Data provided ▸
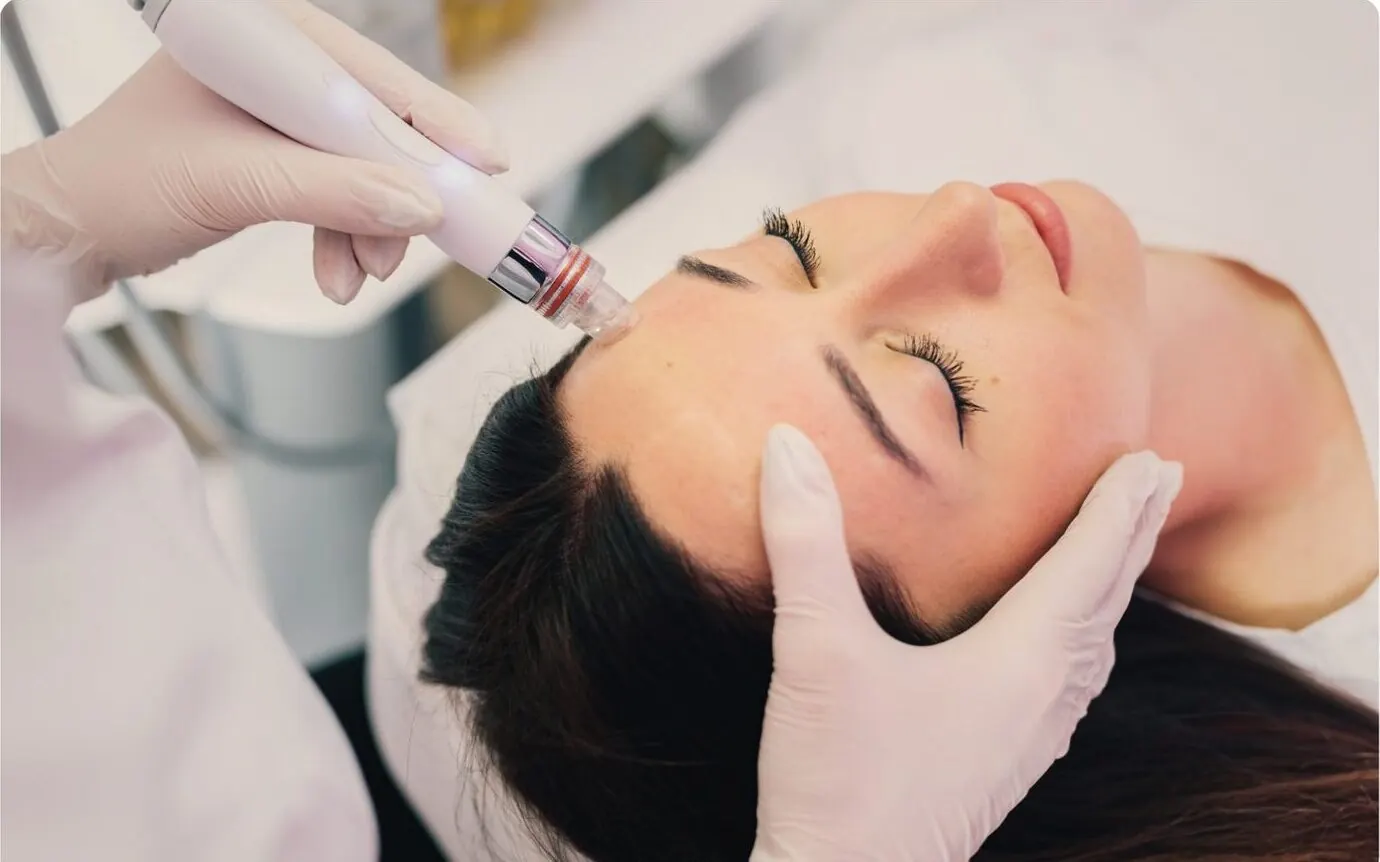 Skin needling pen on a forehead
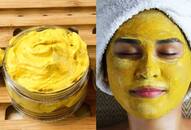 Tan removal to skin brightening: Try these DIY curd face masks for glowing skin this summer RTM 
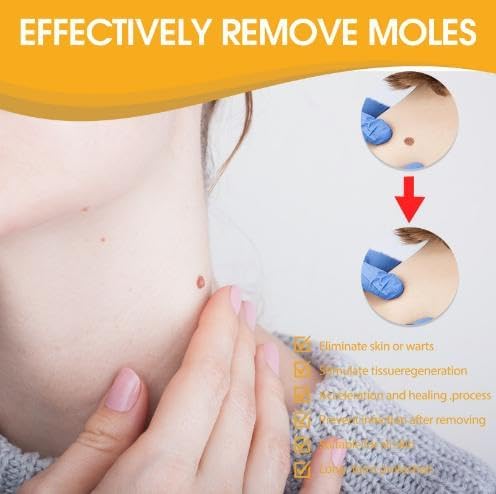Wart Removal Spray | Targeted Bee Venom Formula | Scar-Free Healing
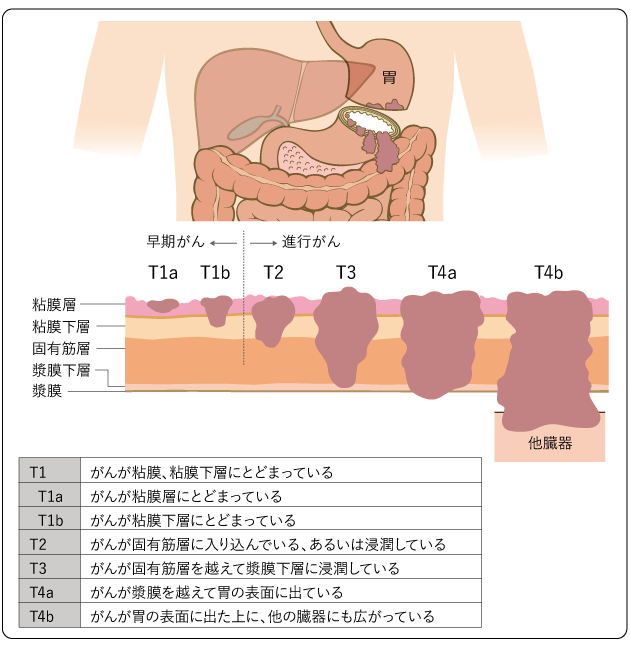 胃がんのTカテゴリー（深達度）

Task directions ▸ Retype only the lines from the line with "Tan removal to" through the last line of the data. Keep both ends and skip the pictures.

Result of the exercise ▸
 Tan removal to skin brightening: Try these DIY curd face masks for glowing skin this summer RTM 
Wart Removal Spray | Targeted Bee Venom Formula | Scar-Free Healing
 胃がんのTカテゴリー（深達度）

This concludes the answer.